Short text fragments from websites:
=== Begin Enclosure ===
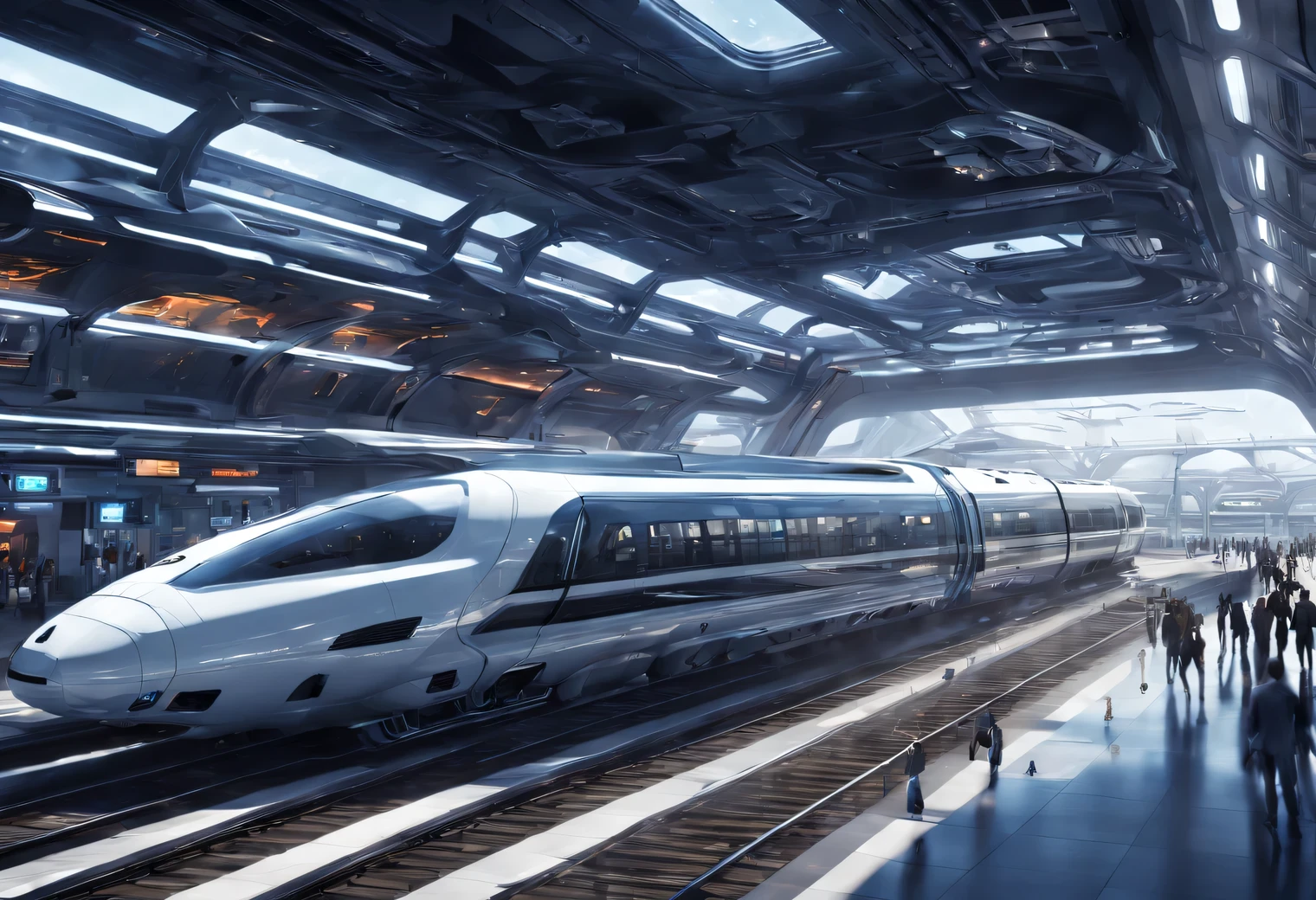 Cosmic aesthetics of the future world, in outer space, a fantasy Train Station of the future with an approaching flying train on an energy drive, the train looks like a spaceship, the train flies and approaches the station, other trains and spaceships fly by, Photorealistic, A high resolution, fantasy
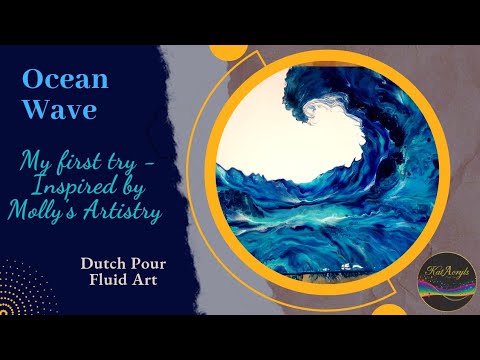 {13} 'Ocean Wave' 🌊 ~ My first try ~ Inspired by Molly's Artistry ~ Acrylic Dutch Pour ~ Fluid Art 🌊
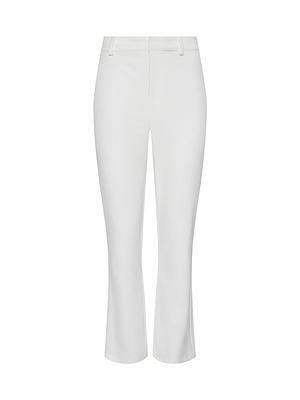 The Ketra Bootcut Trouser is a white women’s pant made from stretch suit fabric, featuring a slim fit, bootcut leg, belt loops, and front zipper, shown against a plain white background.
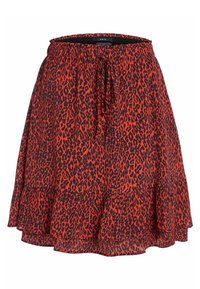 Punainen leopardi-kuvioinen hame, jossa on kerroksellinen muotoilu, joustava vyötärö ja säädettävä sitominen mukavan istuvuuden varmistamiseksi. Kevyt kangas, jossa on virtaava rakenne.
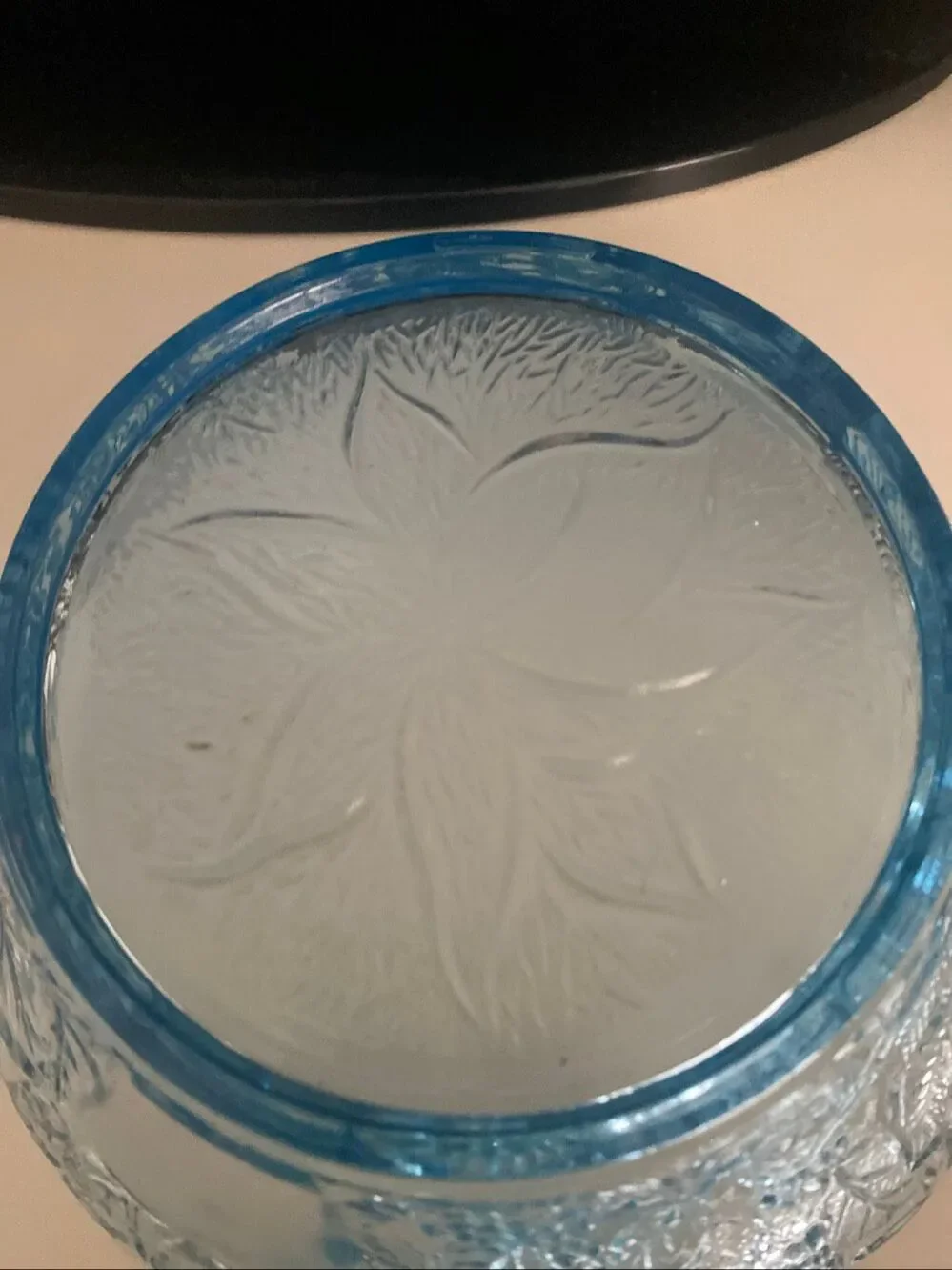 Blue Pressed Glass Serving Bowl Embossed Floral Pattern Decorative Dish vintage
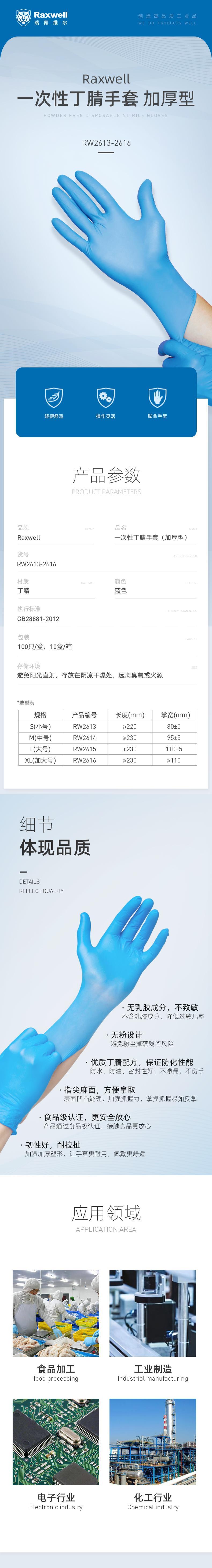 瑞氪維爾RW2615加厚無(wú)粉一次性丁腈手套圖片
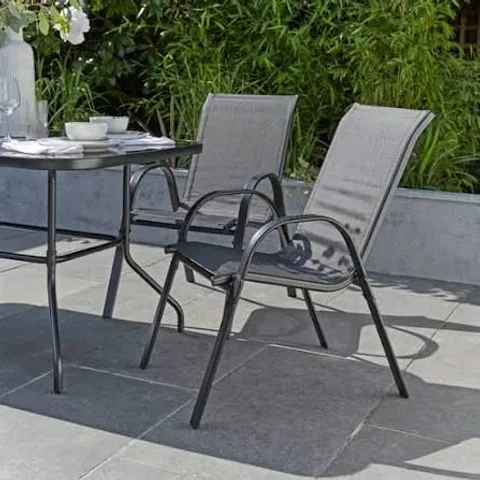 BOXED PACK OF 2 TEXTILENE STACKING GARDEN CHAIRS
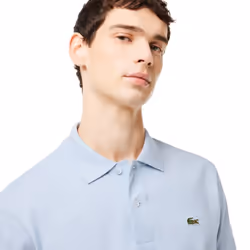 Lacoste Mens Heathered Cotton Pique Polo Shirt - XS, Light Blue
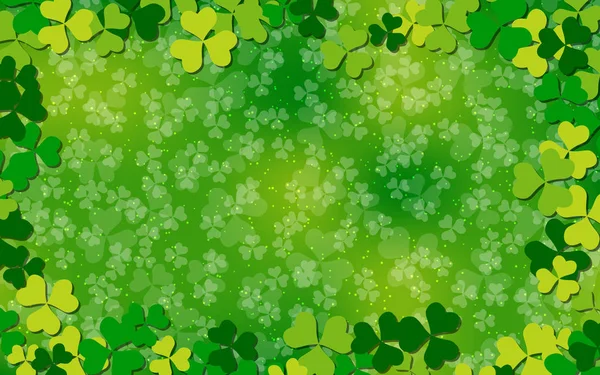 Patrick Day Grüner Vektor Hintergrund Mit Kleeblättern — Stockvektor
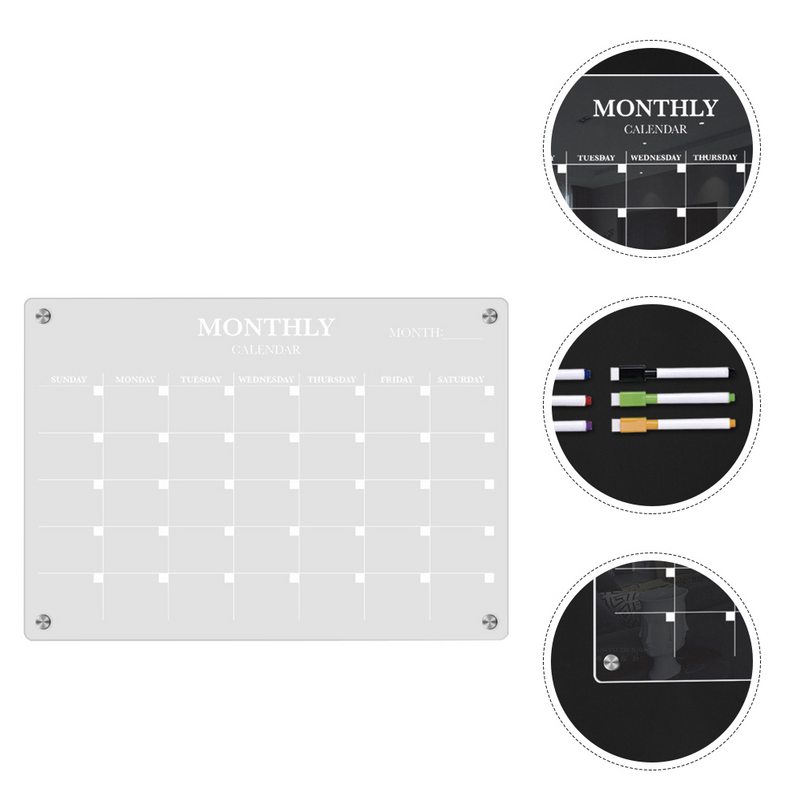 Pizarra blanca magnética para cocina, placa de nevera, borrado en seco, calendario pequeño, práctico, acrílico, horario transparente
=== End Enclosure ===
Both the line containing "The Ketra Bootcut" and the last line of the records above belong in the exact copy, along with every line between them; pictures do not.

**REPLY TO THE EXERCISE:**
 The Ketra Bootcut Trouser is a white women’s pant made from stretch suit fabric, featuring a slim fit, bootcut leg, belt loops, and front zipper, shown against a plain white background.
 Punainen leopardi-kuvioinen hame, jossa on kerroksellinen muotoilu, joustava vyötärö ja säädettävä sitominen mukavan istuvuuden varmistamiseksi. Kevyt kangas, jossa on virtaava rakenne.
 Blue Pressed Glass Serving Bowl Embossed Floral Pattern Decorative Dish vintage
 瑞氪維爾RW2615加厚無(wú)粉一次性丁腈手套圖片
 BOXED PACK OF 2 TEXTILENE STACKING GARDEN CHAIRS
 Lacoste Mens Heathered Cotton Pique Polo Shirt - XS, Light Blue
 Patrick Day Grüner Vektor Hintergrund Mit Kleeblättern — Stockvektor
 Pizarra blanca magnética para cocina, placa de nevera, borrado en seco, calendario pequeño, práctico, acrílico, horario transparente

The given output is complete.